*** Data records Section Begins ***
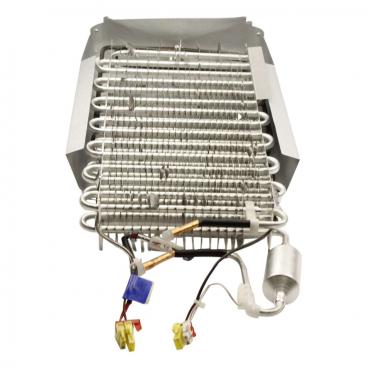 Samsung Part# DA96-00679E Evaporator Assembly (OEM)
*** Data records Section Ends ***
*** Data records Section Begins ***
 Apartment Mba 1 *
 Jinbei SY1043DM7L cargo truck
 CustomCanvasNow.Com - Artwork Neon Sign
*** Data records Section Ends ***
*** Data records Section Begins ***
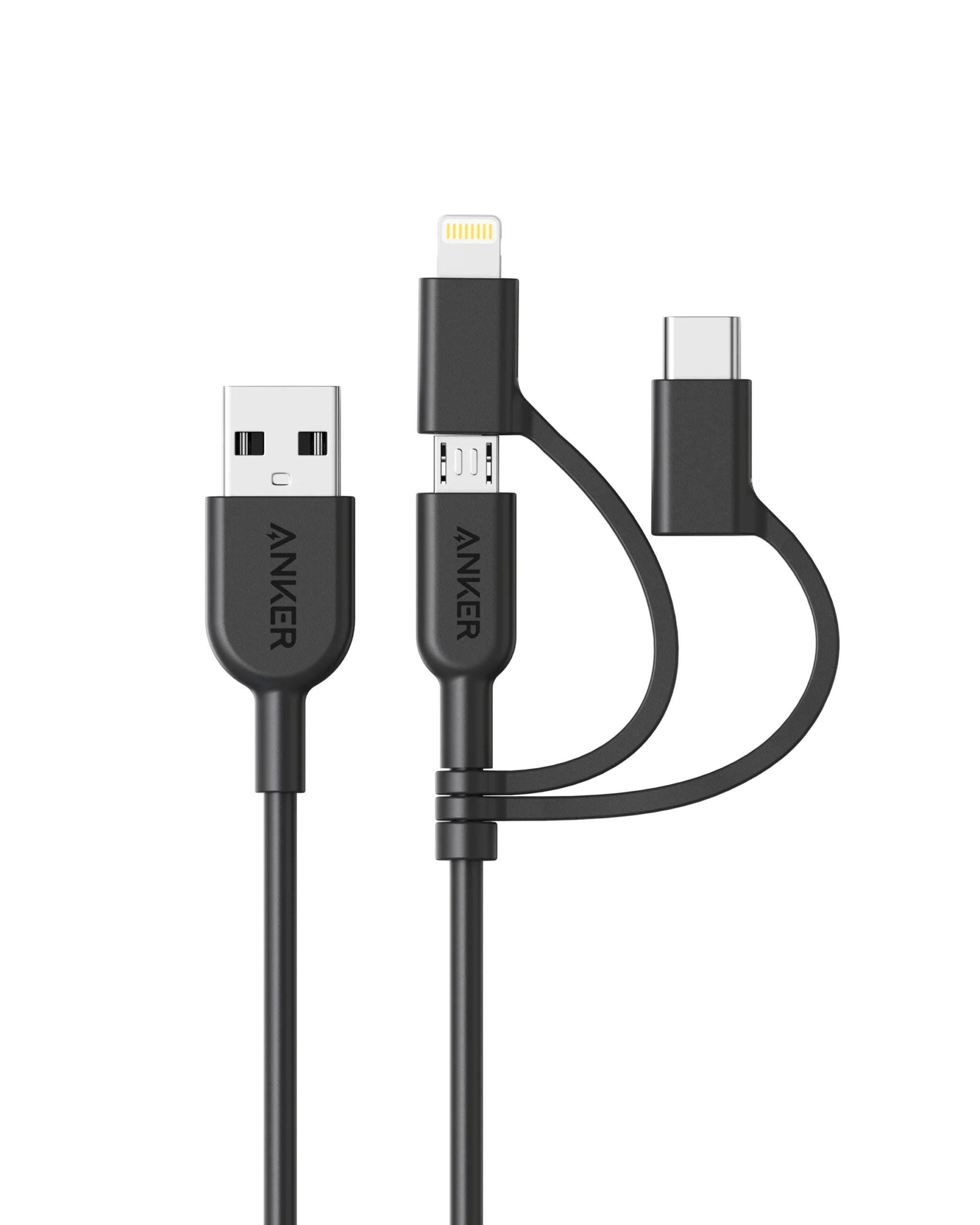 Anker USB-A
*** Data records Section Ends ***
Task directions:
Your task for the entries above: copy exactly the span starting with the line with "Apartment Mba 1 *" and going on through the line with "CustomCanvasNow.Com - Artwork Neon Sign", both lines included, and nothing else.

Answer to the problem:
 Apartment Mba 1 *
 Jinbei SY1043DM7L cargo truck
 CustomCanvasNow.Com - Artwork Neon Sign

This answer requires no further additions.